George frowns, “You don’t think I’m serious?”
“Of course you’re serious. You’re always serious.” Robin rolls off George, finding room alongside him on the bed. “Look, if a guy says something idiotic to you, sometimes you gotta just laugh it off. A guy like Matthias—just tell him he’s an idiot. And that he’s not much of a lover.”
George seems to take this in. “I think it’s more complicated than that.”
Robin waits another moment and says, “At the risk of saying the wrong thing for like the ten-thousandth time this weekend—”
“Why hold back now?”
“You need to know, George, that you’re turning into a babe. All those push-ups you’re doing are working.”
“Shut up. I’m a short black guy with glasses and no fashion sense.”
“No, you shut up. I’m telling you, you’re gonna get a lot more attention. And some of the guys are going to be jerks. Racial stuff is part of it. But sex is just like that. The way people treat each other, it’s not always about respect. You should trust me on this one.”
“Well…”
“Well, what?’
George is quiet for a while, so Robin prods him to speak. “OK,” George starts, pushing up his glasses. “Last night, you went back to your bed.”
“What are you talking about?”
“We fell asleep together, but you snuck out and then you sort of tried to avoid the subject.”
So that’s it. “Your bed was too small,” he tries. But George is waiting for more. “I didn’t know that would bother you.”
“It didn’t seem very respectful.”
Looking into the soft brown of George’s eyes, Robin admits, “Last night stirred up a lot of feelings for me.”
“So sex has an emotional component for you,” George says.
“Doesn’t it for you? Doesn’t it for everyone?”
“Even casual sex?”
“That wasn’t casual!”
“Oh.”
<
br /> “If it was, you wouldn’t be mad that I left your bed.”
“I guess you’re right,” George says. “That’s what makes it so baffling.”
Robin realizes that he’s starting to get worked up, that this is moving in a direction that scares him. He just wants everything to be all right.

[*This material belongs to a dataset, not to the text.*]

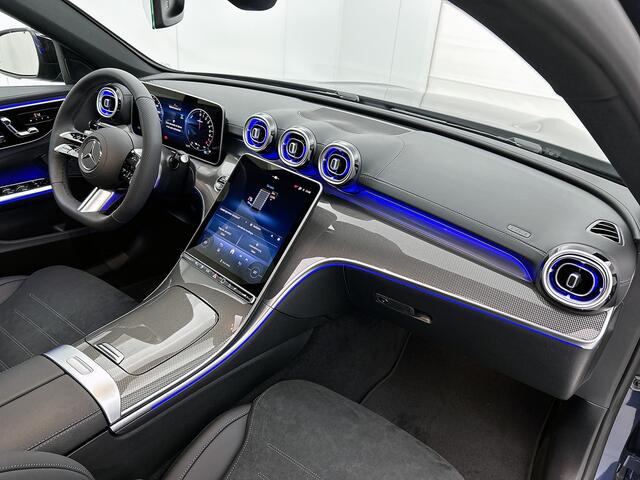 Mercedes-Benz C-KLASSE 300 e Business Solution AMG | Nightpakket | Trekhaak | Antidiefstalpakket GUARD 360° Plus | 360°-camera | Memorypakket | 19 inch AMG velgen | Panoramaschuifdak |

More than all right. He wants this to move forward, not to stop. He feels his heart thumping against his skin where he’s pressed up against the bed. He feels like he might implode for all the churning in his blood.
Perhaps George picks up on this, because at last he moves closer, and rests his body against Robin’s. Robin feels himself begin to calm immediately.
“If we keep having sex,” George says, “we can’t let it ruin our friendship.”
“Definitely not.”
“Because what I want, is for sex to make our friendship better.”
“Me too,” Robin says. He thinks: Better, yes. But it won’t be the same. And we won’t know what that means until we get there.
Later that night, the room dark except for last slanting ray of moonlight, Robin lies on his side, his arms wrapped around a sleeping George, replaying their words, realizing he’s just had sex, for the first time ever, in this bed, in this house. With George Lincoln. His friend, roommate, coworker, lover. Tomorrow they rise early and head back to Philadelphia, so Robin can get to work, can save his job. Can stay with George, for a while. The summer only lasts two more months, which seems like nothing and like forever, because they’re on the verge of everything new. It’s impossible to predict what might change during this next short window of time, impossible not to imagine that everything could turn over, all over again. Right now there is just this: George sleeping trustfully against him. There is the security of that.
For the first time in a long time, Robin falls asleep thinking, You’re going to be OK.
The last thing he hears is the sound of the television clicking off downstairs. He hears his sister’s heavy footsteps climbing the stairs. He listens as she pauses at the entrance to her bedroom, and right before the door clicks shut behind her, he hears that she is crying.